TASK INPUT:
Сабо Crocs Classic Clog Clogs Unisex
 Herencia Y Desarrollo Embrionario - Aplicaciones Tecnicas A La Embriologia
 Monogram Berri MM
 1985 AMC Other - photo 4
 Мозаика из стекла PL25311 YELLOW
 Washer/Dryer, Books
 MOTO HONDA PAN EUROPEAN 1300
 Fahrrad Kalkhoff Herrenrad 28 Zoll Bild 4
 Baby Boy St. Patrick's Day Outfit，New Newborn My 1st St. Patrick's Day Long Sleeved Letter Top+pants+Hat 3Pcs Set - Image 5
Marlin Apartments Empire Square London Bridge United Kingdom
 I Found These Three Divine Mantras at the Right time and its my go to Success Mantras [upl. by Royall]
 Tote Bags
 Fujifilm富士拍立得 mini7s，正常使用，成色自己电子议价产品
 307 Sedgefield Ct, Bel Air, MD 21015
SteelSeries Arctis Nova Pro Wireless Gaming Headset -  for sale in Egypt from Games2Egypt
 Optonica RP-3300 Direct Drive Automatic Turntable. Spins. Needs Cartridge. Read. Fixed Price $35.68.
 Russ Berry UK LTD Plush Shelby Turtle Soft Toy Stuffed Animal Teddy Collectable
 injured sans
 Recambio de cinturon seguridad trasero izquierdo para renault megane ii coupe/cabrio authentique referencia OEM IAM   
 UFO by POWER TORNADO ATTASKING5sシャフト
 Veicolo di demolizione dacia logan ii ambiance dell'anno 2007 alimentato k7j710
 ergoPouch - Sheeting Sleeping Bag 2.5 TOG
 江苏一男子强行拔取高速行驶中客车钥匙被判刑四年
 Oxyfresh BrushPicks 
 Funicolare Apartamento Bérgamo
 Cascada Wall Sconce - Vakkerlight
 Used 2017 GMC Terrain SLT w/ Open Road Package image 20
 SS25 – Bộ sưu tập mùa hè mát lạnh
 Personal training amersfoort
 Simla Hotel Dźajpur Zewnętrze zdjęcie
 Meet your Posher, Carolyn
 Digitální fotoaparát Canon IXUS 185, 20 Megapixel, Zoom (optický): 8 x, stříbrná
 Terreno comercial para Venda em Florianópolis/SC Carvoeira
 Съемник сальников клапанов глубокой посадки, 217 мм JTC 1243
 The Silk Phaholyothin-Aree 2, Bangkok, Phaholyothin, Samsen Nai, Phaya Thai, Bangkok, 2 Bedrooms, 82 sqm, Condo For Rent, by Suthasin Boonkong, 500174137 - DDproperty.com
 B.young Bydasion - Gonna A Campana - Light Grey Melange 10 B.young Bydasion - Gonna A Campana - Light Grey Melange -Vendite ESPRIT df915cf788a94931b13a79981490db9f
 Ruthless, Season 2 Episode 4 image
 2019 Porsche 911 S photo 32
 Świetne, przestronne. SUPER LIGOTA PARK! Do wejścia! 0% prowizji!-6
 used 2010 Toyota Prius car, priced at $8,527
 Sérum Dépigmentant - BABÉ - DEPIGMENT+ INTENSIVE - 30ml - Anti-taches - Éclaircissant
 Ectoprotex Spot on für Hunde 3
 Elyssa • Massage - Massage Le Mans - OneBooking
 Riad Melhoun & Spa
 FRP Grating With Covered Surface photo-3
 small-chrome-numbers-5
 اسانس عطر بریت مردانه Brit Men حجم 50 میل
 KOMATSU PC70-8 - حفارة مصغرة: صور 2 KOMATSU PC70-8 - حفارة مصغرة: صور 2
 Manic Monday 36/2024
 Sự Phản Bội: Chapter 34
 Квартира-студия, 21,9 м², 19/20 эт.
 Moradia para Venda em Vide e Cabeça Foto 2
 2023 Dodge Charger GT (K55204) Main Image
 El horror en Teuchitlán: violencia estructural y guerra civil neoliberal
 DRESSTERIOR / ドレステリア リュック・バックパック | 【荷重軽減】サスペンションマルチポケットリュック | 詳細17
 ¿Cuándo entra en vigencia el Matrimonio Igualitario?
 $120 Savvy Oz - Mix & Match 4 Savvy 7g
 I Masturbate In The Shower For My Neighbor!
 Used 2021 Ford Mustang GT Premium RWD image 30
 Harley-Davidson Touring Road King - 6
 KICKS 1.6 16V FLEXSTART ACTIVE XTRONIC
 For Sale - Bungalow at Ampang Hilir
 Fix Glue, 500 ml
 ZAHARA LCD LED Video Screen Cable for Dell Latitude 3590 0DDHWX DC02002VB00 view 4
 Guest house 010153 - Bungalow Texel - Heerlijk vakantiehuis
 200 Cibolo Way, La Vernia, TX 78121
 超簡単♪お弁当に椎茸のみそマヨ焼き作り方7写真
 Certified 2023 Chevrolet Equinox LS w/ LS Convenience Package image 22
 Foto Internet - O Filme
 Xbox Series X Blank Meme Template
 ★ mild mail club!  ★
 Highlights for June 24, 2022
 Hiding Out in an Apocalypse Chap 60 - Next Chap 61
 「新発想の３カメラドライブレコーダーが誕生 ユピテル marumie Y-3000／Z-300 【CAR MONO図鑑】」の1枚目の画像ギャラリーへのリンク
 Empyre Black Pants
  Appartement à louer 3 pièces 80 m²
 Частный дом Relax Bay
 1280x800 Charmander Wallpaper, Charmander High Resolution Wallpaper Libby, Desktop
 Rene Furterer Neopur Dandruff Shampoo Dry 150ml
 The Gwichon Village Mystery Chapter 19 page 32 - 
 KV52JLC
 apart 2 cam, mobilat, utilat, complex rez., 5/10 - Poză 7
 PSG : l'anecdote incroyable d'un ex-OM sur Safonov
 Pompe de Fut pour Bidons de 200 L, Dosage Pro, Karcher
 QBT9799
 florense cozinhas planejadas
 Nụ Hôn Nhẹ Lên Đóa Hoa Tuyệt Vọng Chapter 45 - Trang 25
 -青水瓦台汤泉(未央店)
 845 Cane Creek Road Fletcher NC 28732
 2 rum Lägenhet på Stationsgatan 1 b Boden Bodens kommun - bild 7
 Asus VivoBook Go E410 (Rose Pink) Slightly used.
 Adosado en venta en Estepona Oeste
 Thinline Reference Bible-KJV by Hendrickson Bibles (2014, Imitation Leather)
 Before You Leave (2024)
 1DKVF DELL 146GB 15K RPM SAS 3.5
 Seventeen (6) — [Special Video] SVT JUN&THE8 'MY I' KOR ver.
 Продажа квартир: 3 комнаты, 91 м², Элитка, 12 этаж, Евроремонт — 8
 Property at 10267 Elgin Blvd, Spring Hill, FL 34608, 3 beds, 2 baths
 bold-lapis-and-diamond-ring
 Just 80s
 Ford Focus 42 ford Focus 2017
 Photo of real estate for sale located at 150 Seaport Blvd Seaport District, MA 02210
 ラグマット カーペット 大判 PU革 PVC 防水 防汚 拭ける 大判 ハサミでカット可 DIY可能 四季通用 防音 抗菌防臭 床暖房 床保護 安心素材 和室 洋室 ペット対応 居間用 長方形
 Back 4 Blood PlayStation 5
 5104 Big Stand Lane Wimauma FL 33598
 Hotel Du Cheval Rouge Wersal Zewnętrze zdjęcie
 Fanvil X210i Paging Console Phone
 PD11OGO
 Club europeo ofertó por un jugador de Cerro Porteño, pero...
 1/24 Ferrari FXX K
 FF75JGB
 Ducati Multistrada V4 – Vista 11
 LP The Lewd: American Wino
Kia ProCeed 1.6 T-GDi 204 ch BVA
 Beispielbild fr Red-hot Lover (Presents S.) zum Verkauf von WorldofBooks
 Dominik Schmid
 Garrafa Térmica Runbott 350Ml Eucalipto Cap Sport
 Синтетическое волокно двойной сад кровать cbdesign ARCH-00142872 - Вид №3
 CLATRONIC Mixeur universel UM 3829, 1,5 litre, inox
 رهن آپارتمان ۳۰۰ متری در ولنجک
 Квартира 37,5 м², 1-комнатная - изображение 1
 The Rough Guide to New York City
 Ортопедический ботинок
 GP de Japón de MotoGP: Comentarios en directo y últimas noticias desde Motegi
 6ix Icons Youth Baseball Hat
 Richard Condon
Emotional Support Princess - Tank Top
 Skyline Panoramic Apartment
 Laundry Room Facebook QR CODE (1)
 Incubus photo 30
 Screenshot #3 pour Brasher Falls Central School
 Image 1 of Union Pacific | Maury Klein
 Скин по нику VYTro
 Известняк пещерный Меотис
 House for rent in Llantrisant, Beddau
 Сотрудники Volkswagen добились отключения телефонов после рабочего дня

ASSIGNMENT: Restate the entries above word for word, beginning with their first line and ending with the line holding "MOTO HONDA PAN EUROPEAN 1300"; omit everything else.

RESPONSE BELOW:
Сабо Crocs Classic Clog Clogs Unisex
 Herencia Y Desarrollo Embrionario - Aplicaciones Tecnicas A La Embriologia
 Monogram Berri MM
 1985 AMC Other - photo 4
 Мозаика из стекла PL25311 YELLOW
 Washer/Dryer, Books
 MOTO HONDA PAN EUROPEAN 1300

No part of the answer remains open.